Items from a data source:
<<<<
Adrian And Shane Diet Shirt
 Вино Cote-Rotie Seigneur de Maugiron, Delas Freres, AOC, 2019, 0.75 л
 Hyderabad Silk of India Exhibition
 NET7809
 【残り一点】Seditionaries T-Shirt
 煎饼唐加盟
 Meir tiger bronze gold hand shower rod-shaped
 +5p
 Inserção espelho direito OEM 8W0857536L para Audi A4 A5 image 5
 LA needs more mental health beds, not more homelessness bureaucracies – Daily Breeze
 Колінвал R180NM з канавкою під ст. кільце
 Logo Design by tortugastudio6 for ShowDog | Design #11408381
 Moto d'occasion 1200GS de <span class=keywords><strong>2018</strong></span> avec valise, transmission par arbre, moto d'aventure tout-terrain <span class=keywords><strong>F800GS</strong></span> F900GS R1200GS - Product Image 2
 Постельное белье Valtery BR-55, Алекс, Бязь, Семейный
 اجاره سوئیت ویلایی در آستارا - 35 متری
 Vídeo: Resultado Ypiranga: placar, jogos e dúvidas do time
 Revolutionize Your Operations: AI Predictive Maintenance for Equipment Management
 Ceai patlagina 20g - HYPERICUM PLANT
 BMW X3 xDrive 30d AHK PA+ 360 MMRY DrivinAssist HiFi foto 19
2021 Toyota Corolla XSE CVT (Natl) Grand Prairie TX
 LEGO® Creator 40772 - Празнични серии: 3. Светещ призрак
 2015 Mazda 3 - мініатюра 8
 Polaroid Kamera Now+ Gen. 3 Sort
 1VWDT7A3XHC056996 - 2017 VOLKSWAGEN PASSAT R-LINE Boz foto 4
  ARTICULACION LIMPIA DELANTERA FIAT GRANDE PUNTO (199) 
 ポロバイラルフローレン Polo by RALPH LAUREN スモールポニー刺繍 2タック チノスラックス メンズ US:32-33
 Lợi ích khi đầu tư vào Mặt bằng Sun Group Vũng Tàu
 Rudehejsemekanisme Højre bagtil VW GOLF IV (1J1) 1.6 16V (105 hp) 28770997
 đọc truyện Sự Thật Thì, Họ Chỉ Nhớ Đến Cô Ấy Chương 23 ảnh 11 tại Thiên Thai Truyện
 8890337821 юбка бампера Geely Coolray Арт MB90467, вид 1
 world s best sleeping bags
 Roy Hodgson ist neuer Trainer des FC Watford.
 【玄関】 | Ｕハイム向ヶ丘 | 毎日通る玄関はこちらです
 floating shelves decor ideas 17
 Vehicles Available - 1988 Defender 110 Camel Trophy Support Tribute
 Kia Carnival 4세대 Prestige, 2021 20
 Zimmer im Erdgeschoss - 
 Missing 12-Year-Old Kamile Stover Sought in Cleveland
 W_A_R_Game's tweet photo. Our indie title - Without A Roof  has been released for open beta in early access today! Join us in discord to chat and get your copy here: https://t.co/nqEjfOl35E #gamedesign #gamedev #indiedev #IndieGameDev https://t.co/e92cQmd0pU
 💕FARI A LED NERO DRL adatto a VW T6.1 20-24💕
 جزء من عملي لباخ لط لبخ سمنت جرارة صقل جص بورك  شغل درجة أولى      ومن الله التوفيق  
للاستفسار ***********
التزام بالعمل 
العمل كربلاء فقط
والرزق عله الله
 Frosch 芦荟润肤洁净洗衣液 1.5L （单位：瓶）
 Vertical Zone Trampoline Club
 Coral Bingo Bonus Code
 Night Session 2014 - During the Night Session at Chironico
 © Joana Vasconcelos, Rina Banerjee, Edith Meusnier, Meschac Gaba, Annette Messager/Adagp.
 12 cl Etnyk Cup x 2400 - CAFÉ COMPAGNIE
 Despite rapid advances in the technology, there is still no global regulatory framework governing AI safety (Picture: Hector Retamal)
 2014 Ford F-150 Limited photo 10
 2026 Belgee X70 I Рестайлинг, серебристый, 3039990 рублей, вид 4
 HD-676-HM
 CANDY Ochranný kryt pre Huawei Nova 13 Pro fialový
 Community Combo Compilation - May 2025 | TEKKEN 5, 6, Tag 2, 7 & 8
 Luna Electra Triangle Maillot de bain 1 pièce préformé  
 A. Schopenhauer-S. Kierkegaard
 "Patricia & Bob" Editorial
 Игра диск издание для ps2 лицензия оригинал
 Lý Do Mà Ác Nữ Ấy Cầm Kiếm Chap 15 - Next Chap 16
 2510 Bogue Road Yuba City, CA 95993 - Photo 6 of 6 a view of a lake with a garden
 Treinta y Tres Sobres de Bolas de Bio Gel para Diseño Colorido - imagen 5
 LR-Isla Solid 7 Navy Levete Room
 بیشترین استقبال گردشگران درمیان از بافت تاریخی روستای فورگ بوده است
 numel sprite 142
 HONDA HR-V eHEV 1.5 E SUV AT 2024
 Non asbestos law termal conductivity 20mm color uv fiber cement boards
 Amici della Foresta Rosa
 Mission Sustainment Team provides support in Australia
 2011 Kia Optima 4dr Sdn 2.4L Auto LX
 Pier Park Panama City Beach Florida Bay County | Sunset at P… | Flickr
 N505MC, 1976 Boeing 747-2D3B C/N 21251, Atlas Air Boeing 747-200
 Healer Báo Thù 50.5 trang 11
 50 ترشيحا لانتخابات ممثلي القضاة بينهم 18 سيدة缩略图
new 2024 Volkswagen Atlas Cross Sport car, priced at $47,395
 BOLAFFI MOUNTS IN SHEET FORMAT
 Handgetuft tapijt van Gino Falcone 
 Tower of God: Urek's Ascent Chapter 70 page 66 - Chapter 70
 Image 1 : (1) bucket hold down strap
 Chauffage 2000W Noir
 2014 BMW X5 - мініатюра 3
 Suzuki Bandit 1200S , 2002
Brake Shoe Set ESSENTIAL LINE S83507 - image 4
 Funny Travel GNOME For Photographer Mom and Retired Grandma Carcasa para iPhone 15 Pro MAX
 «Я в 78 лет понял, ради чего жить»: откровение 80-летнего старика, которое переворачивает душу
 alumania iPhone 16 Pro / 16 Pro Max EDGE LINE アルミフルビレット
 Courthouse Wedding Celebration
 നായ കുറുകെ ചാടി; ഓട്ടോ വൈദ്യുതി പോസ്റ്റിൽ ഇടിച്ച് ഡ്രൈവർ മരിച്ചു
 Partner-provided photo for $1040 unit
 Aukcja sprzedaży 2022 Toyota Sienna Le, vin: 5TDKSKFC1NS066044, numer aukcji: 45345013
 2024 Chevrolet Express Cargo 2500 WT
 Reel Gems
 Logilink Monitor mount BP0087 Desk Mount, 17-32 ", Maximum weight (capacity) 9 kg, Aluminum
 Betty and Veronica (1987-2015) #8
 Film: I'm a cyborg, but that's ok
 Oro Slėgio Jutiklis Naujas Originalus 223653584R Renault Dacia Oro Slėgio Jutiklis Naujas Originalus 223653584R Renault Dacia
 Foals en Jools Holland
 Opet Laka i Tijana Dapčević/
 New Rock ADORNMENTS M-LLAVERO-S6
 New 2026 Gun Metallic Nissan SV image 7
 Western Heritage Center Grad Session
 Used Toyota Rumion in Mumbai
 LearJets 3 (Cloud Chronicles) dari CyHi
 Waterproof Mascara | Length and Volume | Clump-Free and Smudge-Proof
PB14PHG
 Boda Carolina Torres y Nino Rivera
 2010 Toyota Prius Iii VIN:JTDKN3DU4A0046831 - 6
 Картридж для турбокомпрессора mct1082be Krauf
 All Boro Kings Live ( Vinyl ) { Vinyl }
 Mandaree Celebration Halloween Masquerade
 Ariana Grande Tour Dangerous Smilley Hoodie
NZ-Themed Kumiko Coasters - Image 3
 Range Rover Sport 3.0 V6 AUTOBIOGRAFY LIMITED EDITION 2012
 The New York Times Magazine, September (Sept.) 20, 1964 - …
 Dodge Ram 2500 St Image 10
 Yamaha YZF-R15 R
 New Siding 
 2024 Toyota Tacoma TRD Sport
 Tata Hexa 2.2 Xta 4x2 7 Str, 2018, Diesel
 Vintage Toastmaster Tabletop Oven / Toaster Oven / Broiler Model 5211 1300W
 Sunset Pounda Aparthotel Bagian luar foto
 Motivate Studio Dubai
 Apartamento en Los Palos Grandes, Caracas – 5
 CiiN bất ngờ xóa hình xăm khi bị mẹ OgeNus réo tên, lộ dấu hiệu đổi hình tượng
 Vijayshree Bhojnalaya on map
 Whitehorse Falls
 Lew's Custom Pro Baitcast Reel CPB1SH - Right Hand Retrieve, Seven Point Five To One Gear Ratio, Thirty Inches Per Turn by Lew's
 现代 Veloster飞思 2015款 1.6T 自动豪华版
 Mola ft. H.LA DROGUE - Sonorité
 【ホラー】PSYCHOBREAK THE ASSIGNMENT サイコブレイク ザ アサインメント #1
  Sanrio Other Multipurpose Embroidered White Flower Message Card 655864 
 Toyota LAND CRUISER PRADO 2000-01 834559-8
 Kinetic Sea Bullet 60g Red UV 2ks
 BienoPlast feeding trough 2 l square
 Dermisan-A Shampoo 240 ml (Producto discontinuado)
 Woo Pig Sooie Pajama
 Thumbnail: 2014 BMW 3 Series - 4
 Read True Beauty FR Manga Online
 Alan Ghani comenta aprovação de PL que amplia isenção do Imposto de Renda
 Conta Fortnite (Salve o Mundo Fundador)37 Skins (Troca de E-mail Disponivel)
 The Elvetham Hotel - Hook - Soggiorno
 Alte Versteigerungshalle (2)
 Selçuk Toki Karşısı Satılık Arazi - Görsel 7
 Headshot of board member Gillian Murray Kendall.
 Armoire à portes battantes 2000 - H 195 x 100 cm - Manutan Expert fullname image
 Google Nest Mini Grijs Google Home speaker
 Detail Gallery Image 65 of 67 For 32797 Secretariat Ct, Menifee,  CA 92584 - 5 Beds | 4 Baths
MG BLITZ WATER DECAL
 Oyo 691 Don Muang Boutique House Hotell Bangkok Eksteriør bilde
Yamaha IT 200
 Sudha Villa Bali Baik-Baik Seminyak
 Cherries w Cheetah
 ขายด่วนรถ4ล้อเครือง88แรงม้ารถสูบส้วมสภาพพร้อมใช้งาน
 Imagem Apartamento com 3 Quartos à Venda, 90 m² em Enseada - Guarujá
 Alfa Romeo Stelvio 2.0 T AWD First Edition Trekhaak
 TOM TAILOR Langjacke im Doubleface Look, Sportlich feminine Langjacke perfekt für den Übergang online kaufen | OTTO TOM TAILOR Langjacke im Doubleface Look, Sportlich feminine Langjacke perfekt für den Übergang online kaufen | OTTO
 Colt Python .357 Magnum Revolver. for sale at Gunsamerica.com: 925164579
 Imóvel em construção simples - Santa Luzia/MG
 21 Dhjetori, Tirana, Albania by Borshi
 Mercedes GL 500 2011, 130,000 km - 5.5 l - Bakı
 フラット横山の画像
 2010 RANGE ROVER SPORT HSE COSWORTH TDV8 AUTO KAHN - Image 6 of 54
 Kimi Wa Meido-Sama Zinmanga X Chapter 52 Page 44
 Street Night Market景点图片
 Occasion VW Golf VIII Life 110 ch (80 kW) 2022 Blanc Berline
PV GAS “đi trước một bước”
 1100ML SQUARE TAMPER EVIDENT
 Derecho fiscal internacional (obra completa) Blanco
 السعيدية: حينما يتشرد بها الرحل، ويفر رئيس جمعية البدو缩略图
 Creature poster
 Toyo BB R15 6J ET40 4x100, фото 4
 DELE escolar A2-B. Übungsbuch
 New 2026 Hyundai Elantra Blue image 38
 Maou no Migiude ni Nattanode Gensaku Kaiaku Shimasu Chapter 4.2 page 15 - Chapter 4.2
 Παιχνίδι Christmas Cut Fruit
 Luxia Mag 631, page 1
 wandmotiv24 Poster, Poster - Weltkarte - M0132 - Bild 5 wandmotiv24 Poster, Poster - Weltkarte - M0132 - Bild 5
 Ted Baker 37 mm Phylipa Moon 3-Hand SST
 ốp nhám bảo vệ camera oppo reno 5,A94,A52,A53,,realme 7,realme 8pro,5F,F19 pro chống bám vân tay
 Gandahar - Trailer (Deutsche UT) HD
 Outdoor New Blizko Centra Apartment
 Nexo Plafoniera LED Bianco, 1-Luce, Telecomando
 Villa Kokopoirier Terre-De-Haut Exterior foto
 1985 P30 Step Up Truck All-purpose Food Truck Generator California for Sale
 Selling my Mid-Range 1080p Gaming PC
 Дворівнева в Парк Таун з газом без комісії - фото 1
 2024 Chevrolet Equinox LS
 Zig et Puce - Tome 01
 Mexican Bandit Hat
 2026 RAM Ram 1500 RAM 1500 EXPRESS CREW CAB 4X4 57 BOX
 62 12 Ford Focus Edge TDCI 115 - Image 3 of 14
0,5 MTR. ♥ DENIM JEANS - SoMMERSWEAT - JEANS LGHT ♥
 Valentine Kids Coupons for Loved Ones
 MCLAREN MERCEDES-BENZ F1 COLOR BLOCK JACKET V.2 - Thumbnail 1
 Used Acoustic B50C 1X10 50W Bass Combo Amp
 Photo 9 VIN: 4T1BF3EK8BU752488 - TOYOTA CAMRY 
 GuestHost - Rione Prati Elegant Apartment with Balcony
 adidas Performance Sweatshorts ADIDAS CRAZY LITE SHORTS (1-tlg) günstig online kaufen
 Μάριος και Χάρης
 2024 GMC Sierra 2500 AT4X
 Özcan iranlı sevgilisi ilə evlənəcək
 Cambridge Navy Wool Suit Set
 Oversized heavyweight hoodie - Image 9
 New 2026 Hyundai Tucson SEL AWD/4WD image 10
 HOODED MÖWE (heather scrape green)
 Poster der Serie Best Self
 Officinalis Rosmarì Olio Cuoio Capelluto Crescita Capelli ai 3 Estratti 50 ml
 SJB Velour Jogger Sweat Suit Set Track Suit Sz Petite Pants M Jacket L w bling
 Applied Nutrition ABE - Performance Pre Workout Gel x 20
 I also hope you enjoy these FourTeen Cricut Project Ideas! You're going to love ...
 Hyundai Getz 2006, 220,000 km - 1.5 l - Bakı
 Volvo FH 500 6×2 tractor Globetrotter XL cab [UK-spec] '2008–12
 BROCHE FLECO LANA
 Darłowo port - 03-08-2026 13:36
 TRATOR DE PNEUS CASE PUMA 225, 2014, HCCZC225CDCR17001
>>>>
DESCRIPTION OF THE TASK: The reply should hold only the lines from the top of the records through the line that has "1VWDT7A3XHC056996 - 2017", each one exact.

TASK RESPONSE:
Adrian And Shane Diet Shirt
 Вино Cote-Rotie Seigneur de Maugiron, Delas Freres, AOC, 2019, 0.75 л
 Hyderabad Silk of India Exhibition
 NET7809
 【残り一点】Seditionaries T-Shirt
 煎饼唐加盟
 Meir tiger bronze gold hand shower rod-shaped
 +5p
 Inserção espelho direito OEM 8W0857536L para Audi A4 A5 image 5
 LA needs more mental health beds, not more homelessness bureaucracies – Daily Breeze
 Колінвал R180NM з канавкою під ст. кільце
 Logo Design by tortugastudio6 for ShowDog | Design #11408381
 Moto d'occasion 1200GS de <span class=keywords><strong>2018</strong></span> avec valise, transmission par arbre, moto d'aventure tout-terrain <span class=keywords><strong>F800GS</strong></span> F900GS R1200GS - Product Image 2
 Постельное белье Valtery BR-55, Алекс, Бязь, Семейный
 اجاره سوئیت ویلایی در آستارا - 35 متری
 Vídeo: Resultado Ypiranga: placar, jogos e dúvidas do time
 Revolutionize Your Operations: AI Predictive Maintenance for Equipment Management
 Ceai patlagina 20g - HYPERICUM PLANT
 BMW X3 xDrive 30d AHK PA+ 360 MMRY DrivinAssist HiFi foto 19
2021 Toyota Corolla XSE CVT (Natl) Grand Prairie TX
 LEGO® Creator 40772 - Празнични серии: 3. Светещ призрак
 2015 Mazda 3 - мініатюра 8
 Polaroid Kamera Now+ Gen. 3 Sort
 1VWDT7A3XHC056996 - 2017 VOLKSWAGEN PASSAT R-LINE Boz foto 4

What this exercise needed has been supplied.